Demokratie ist im Kapitalismus kein Automatismus. Die Finanzkrise ist die Chance, die Spielregeln unserer Gesellschaft neu zu verhandeln.

Auch Binsenwahrheiten kommen in Zeiten der Krise ins Rutschen. Zu den Geschäftsgrundlagen der "freiheitlichen demokratischen Grundordnung" (im Juristen-Jargon fdGO), gehören nach der Rechtsprechung des Bundesverfassungsgerichts sechs Grundpfeiler: Menschenrechte, Rechtsstaat, Volkssouveränität, Demokratie, Gewaltenteilung und Mehrparteienprinzip. Vom Verfassungsgericht nicht explizit erwähnt, aber im politischen Handgemenge als gleichwertig ins Spiel gebracht wurde und wird ein siebter Pfeiler: die Marktwirtschaft vulgo der Kapitalismus.

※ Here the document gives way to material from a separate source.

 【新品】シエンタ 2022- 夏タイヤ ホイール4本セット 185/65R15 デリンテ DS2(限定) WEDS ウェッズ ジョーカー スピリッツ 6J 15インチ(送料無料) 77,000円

Mit dem "Erlass" Willy Brandts und der Länderregierungschefs vom 28. Januar 1972 zur "einheitlichen Behandlung der Frage der Verfassungstreue im öffentlichen Dienst", dem sogenannten Radikalenerlass, wurden Bewerber im öffentlichen Dienst in allerlei kruden Verfahren auf ihre fdGO-Tauglichkeit geprüft. Offen oder unter der Hand wurde in den Anhörungsverfahren immer unterstellt, wer Zweifel an der Marktwirtschaft oder am Kapitalismus äußere, stehe nicht wirklich auf dem Boden der fdGO. Antikapitalismus oder radikale Kritik an der Marktwirtschaft standen fortan unter dem Pauschalverdacht, im Kern verfassungs- und staatsfeindlich zu sein. Umgekehrt erschlichen sich Kapitalismus und Marktwirtschaft den Nimbus von Verfassungsprinzipien und den Anschein von Garanten der Demokratie. Kapitalismuskritiker dagegen galten als potenzielle "Feinde" der Demokratie und waren damit prinzipiell in der Defensive.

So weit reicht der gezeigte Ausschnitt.